How the Rich Go to War

They Send the Poor to Fight

When it comes to making war in the Bush administration, the rich call the shots, while the working class and the poor dodge the bullets or get killed. As Paul Atwood, a former Vietnam vet and researcher at the University of Massachusetts, said this morning, the men who are running this war have long been referred to as "chicken hawks."

To be sure, the people who run this country are usually rich. Just consider the fabulously wealthy Bush A-team. The president's net assets have been estimated to be anywhere from $8 to $19 million. He comes from a wealthy New England family to begin with, which bankrolled his early business ventures. Vice President Dick Cheney and his wife are worth anywhere from $20 million to $69 million. Defense chief Donald Rumsfeld's net assets range from $53 million to $175 million.

Even Bush's second tier is loaded. Karl Rove, the political guru who calls the shots for the president, was pressured to dump up to $3.3 million in securities, but retained $1.1 million in mutual funds. Andrew Card, White House chief of staff and former GM lobbyist, had assets of up to $4.1 million.

But the people who are fighting the war are different. While the military today is all volunteer, the soldiers and sailors comprise a snapshot of working-class society. Some 60 percent of enlisted men and women are white. Many are married. And many see themselves getting ahead by being in the army. A substantial number seem to come from military families.

Consider the case of Army private Jessica Lynch, who was captured in an Iraqi ambush, badly wounded, and then miraculously rescued by the Special Forces last week. She enlisted in the army's delayed-entry program while she was still in high school in Palestine, West Virginia, where the unemployment rate is 15 percent. She wants to be a teacher, and "the Army gave her a good deal," Jessica's brother said.

A list of military men and women who have so far died in Iraq shows that most are middle or working class.

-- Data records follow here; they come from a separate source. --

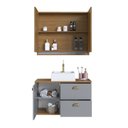 Ver imagem 4 de Gabinete de Banheiro 100% MDF com Espelheira 2 Portas com Cuba Lívia 80cm Yescasa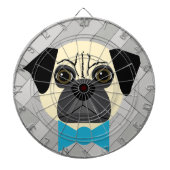 Fawn Mops with Bowtie, Herringbone grau Dartscheibe (vorne)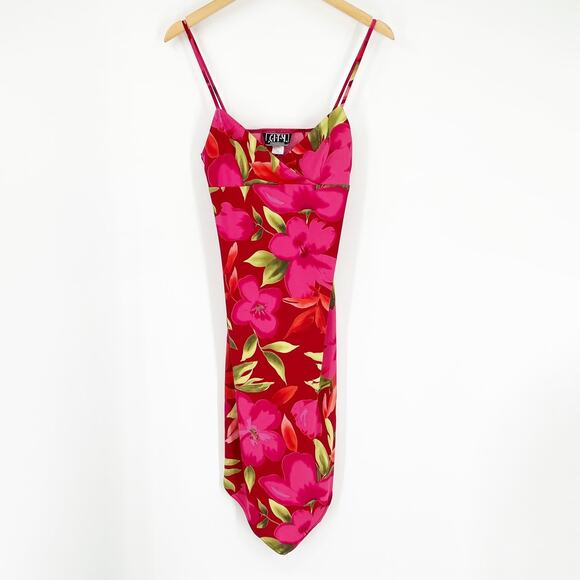 Vintage Y2K City Triangles Floral Slip Dress Pink Hibiscus Size Medium - Picture 1 of 9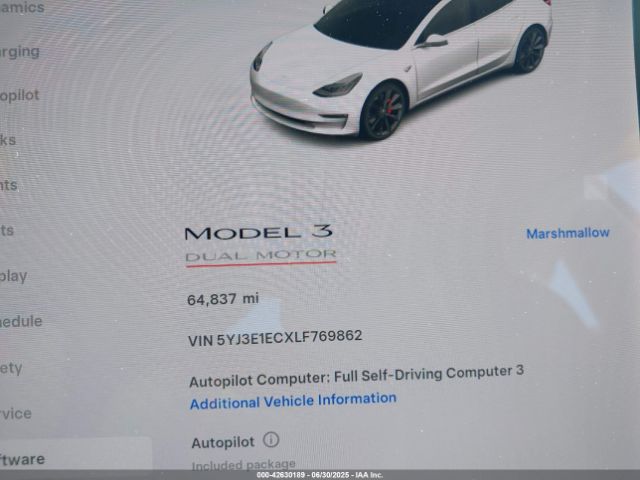 2020 TESLA MODEL 3 5YJ3E1ECXLF769862 Photo 6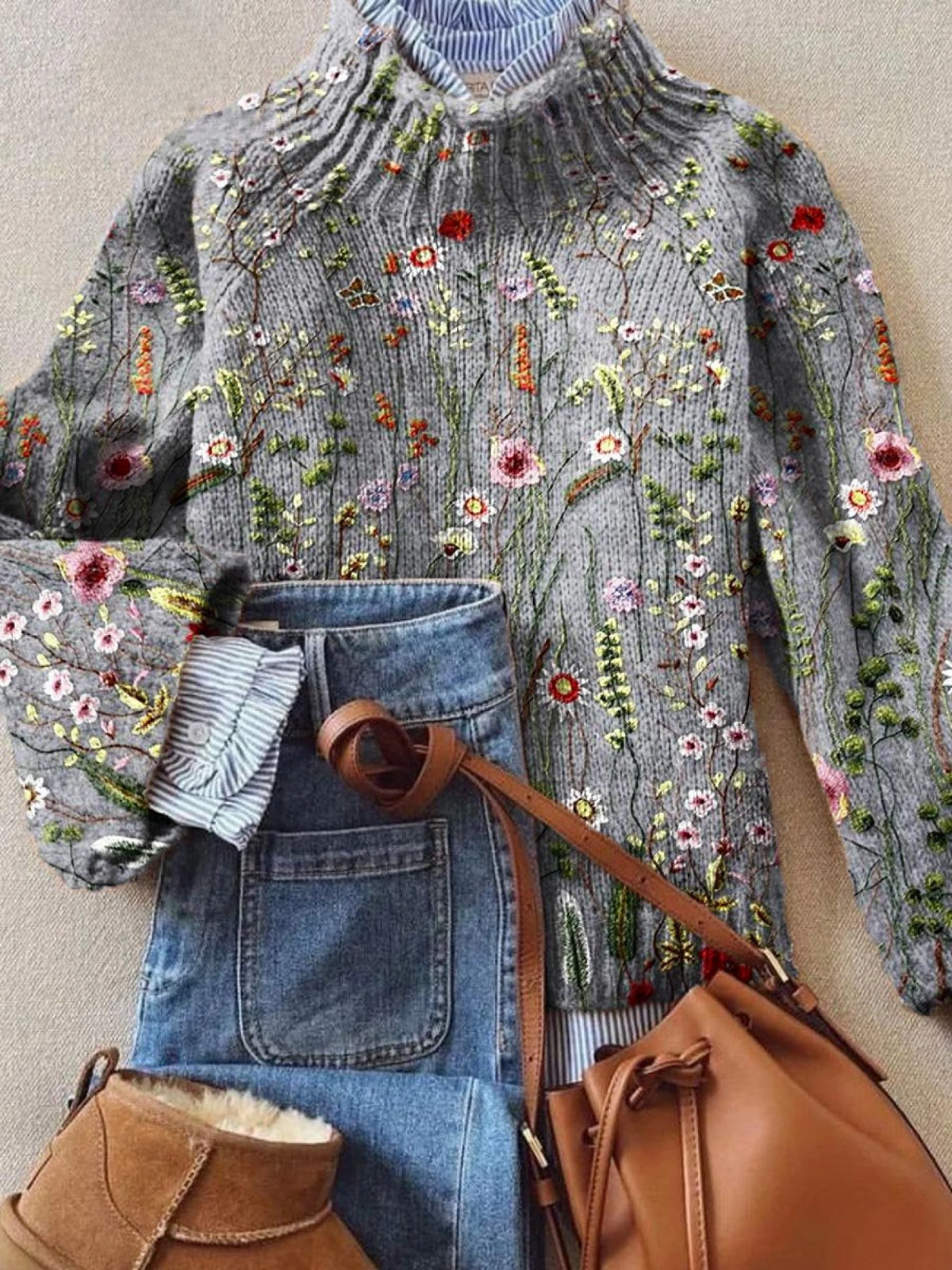 ABIGAIL | MAGLIONE CLASSICO VINTAGE A FIORI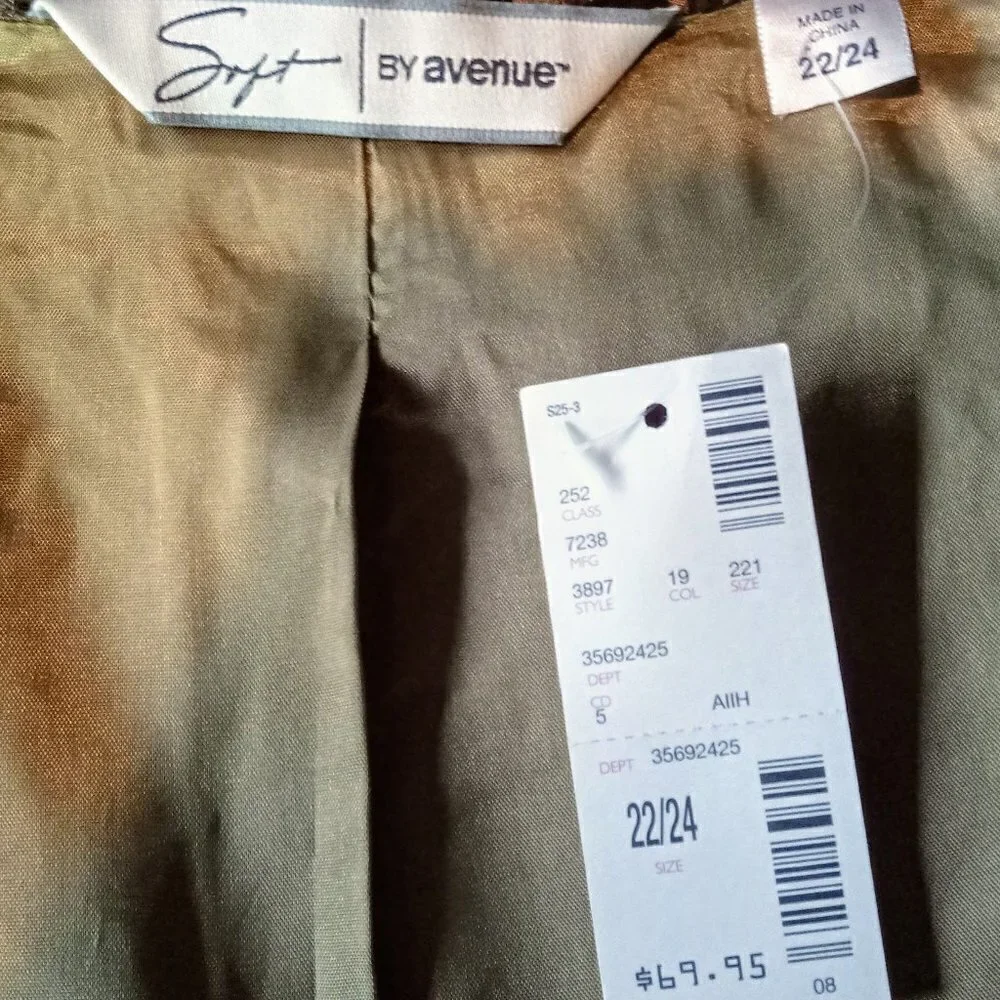 Avenue Olive Green Textured Embroidered Jacket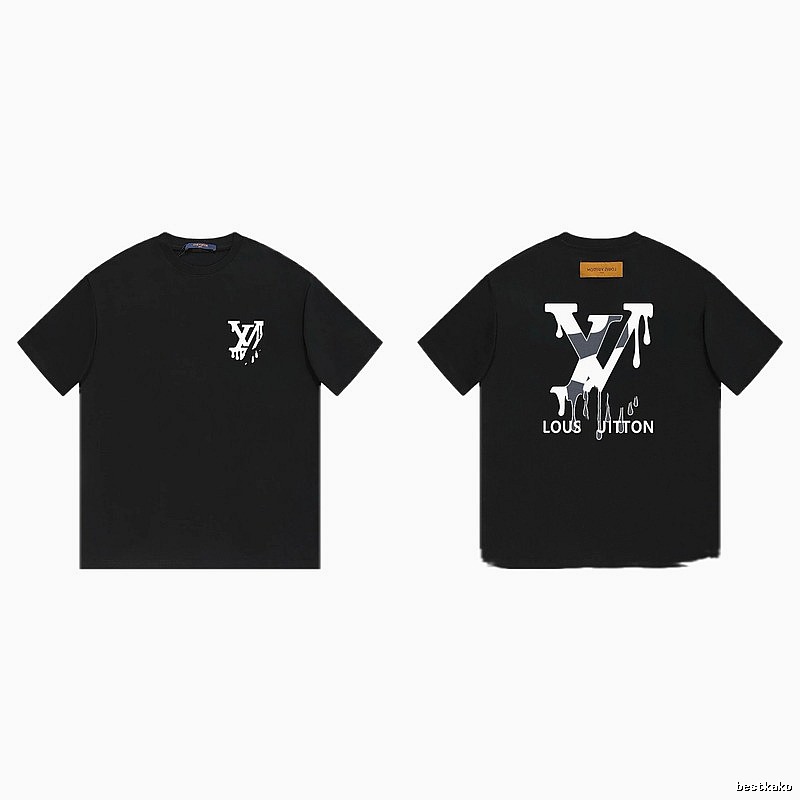 Louis Vuitton Melted Logo Street Style Black Short-sleeve T-shirt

Marine Lance Corporal William W. White, 24, who died in the Iraqi war, also joined the military as a way to "step up in life" and a means of getting to college. He wanted to be a fireman or law enforcement officer. Army specialist Jamaal R. Addison, 22, of Roswell, Georgia, who also died in Iraq, joined right out of his Atlanta high school. His father, a postal worker, said Jamaal wanted to better his situation in life. "He realized he had obligations in life, but he wasn't a fighter," said his dad.

Most recruits come directly from high school, often from families who don't have the money to send their kids to college. More than 20 percent of military personnel are black. (By way of comparison, blacks make up 12 percent of civilian society.) Half of all the women recruits are people of color. Many soldiers are from poor southern states.

The Pentagon has put aggressive recruiting programs in high schools. By law, every school must file a list of its juniors and seniors with addresses and phone numbers. This is how the Pentagon boosts its Junior ROTC programs (there are now 500,000 students who are members from 3000 high schools nationwide).

Public school systems sometimes add on a special military school, often aimed to appeal to African American or Latino kids who come from lower-income families. Defending our heritage "requires the active support of public institutions in presenting military opportunities to our young people for their consideration," wrote Donald Rumsfeld and Education Secretary Rod Paige in one letter to public schools. "For some of our students, this may be the best opportunity they have to get a college education."

When Marine Lance Corporal Brian Rory Buesing, 20, of Cedar Key, Florida, died in Iraq, he had a year to go in his enlistment period, and was planning on putting the money he was due from the Pentagon into education so he could attend a Florida university.

"Overwhelmingly these are people who can't afford college, who may want to go to college and see the military as a way to pay for it, who don't have the skills to get admitted because of their educational background—people who want to escape their neighborhoods, and some who want the adventure," said Atwood, now a research associate at William Joiner Center for the Study of War and Social Consequences at the University of Massachusetts.

"The same people who 35 years ago supported the war in Vietnam support this war in the Gulf and are prepared to send the children of less privileged people to do their dirty work," he said. "I can assure you there's a lot of anger and opposition to this war on the part of Vietnam veterans, because of the illegality and immorality of it but also deriving from the fact that these chicken hawks are sponsoring it."